In this Phlow, learners explore how to calculate the total number of possible combinations when selecting one option from each of several groups. Using a relatable subject-choice scenario, students connect everyday decisions with the mathematical idea that independent choices multiply.

Each screen isolates a single idea: first count the options in each group, then recognise that choices from different groups combine, and finally apply multiplication to get the total number of possible outcomes.

Worked Example

Group 1 options: 4
Group 2 options: 5
Group 3 options: 4

Total combinations = 4 × 5 × 4 = 80
    

Steps:

  1. Identify how many choices are in each group.
  2. Recognise that one choice is taken from each group.
  3. Multiply the group counts: Group1 × Group2 × Group3.
  4. Check with examples (e.g., Beth, Paul, Ayesha) to see different valid combinations.

Sample Prompts

  • How many choices are in Group 1? Group 2? Group 3?
  • Why do we multiply instead of add?
  • If Group 2 increased to 6 options, what happens to the total?
  • Give one possible 3-subject combination Beth could choose.

Why This Matters

The fundamental counting principle underpins probability, scheduling, menu planning, and product configurations. Mastering when and why to multiply gives learners a powerful tool for reasoning about combinations in real life and later probability courses.

Possible Choices 4A
Step 1 / 7

Prerequisite Knowledge Required

  • Understand multiplication as repeated addition / scaling.
  • Recognise that one item is chosen from each group.
  • Familiarity with simple outcome counting (e.g., Level 3).

Linked Phlows:
Outcomes 3C – Identifying Possible Results, Lists & Tables 3E – Systematic Counting.

Main Category

Probability & Combinatorics

Estimated Completion Time

Approx. 10–14 seconds per question.
40 questions total → Total time: 7–10 minutes.
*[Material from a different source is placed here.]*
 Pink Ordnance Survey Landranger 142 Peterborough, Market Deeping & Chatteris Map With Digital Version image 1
Cognitive Load / Step Size

Low to moderate. Each step isolates one variable (count → combine → multiply). Repetition across similar screens reinforces the structure while gradually making the calculation explicit.

Language & Literacy Demand

Moderate. Everyday terms (subjects, groups, choices) with consistent phrasing reduce reading strain. Visual grouping tables and highlighted key terms (e.g., “possible choices”, “multiply”) support comprehension.

Clarity & Design

  • Balanced layout of text, tables, and handwriting-style cues.
  • One idea per page for clear visual sequencing.
  • Consistent colour and typography emphasise the logic: data → reasoning → solution.
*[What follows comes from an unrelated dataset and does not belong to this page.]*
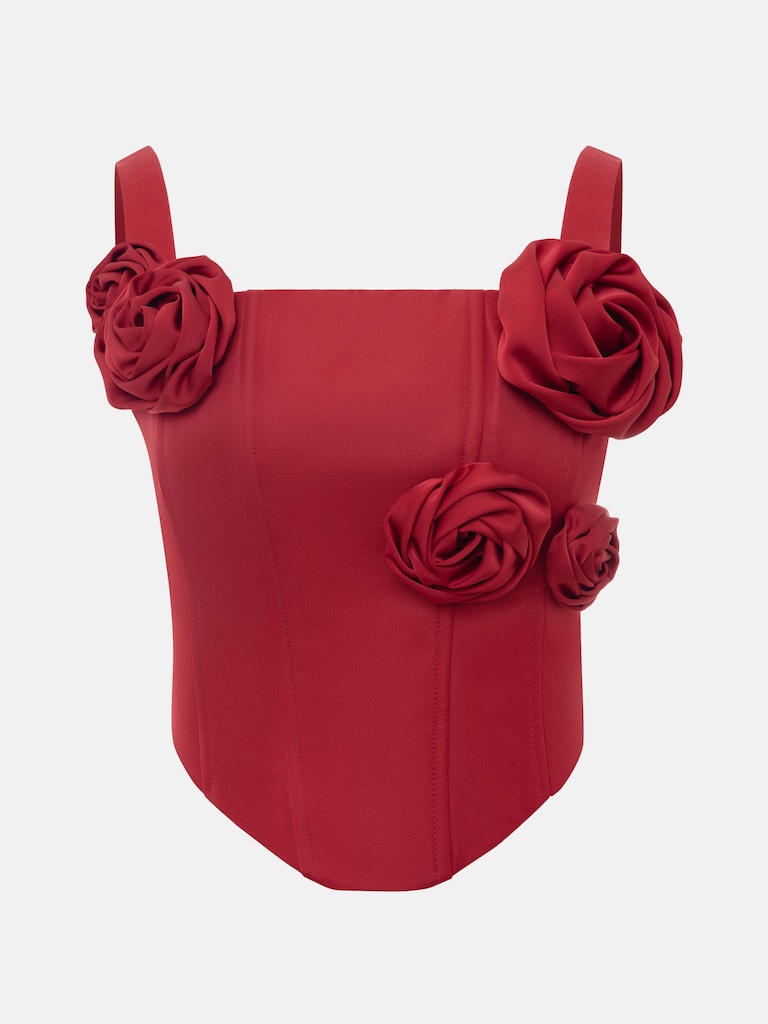 Corset en tissu lisse avec fleurs décoratives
Curriculum Alignment (ROI Junior Cycle Mathematics)

  • Strand: Data and Chance
  • Learning Outcomes: Determine the number of outcomes of combined events; represent information in lists/tables to identify combinations; apply multiplication to count outcomes when groups are combined.

Engagement & Motivation

Choosing school subjects is familiar and meaningful. Named examples (Beth, Ayesha, Paul) let learners see themselves in the task while practising logical reasoning.
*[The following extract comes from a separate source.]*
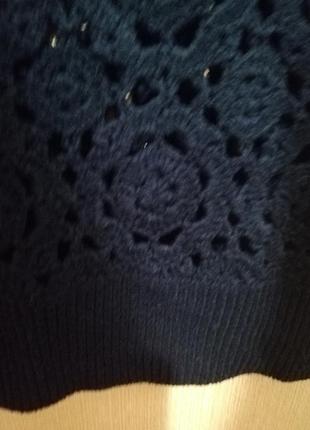 Свитер светр жіночий кроше синий вязка кофта кружевная вязка женский3 фото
Error Opportunities & Misconceptions

  • Adding group sizes instead of multiplying.
  • Miscounting options within a group.
  • Assuming repeated subjects across groups are allowed.
  • Forgetting one choice must come from each group.

Transferability / Real-World Anchoring

High. The same structure appears in menus, schedules, product variants, and probability problems.

Conceptual vs Procedural Balance

Balanced. Procedure: multiply the number of options in each group. Concept: understand why independent choices multiply total possibilities.

Learning Objectives Addressed

  • Identify the number of options in each independent group.
  • Use multiplication to find total combinations.
  • Recognise real-life examples of combinatorial reasoning.
  • Avoid the addition-instead-of-multiplication mistake.

What Your Score Says About You

  • Less than 20: You can spot options but need to strengthen why we multiply, not add.
  • 21–29: Structure is mostly clear; occasional miscounts or mixed operations.
  • 31–39: Accurate application of the counting principle with sound reasoning.
  • 40 / 40: Full mastery; you can generalise to larger sets and probability contexts.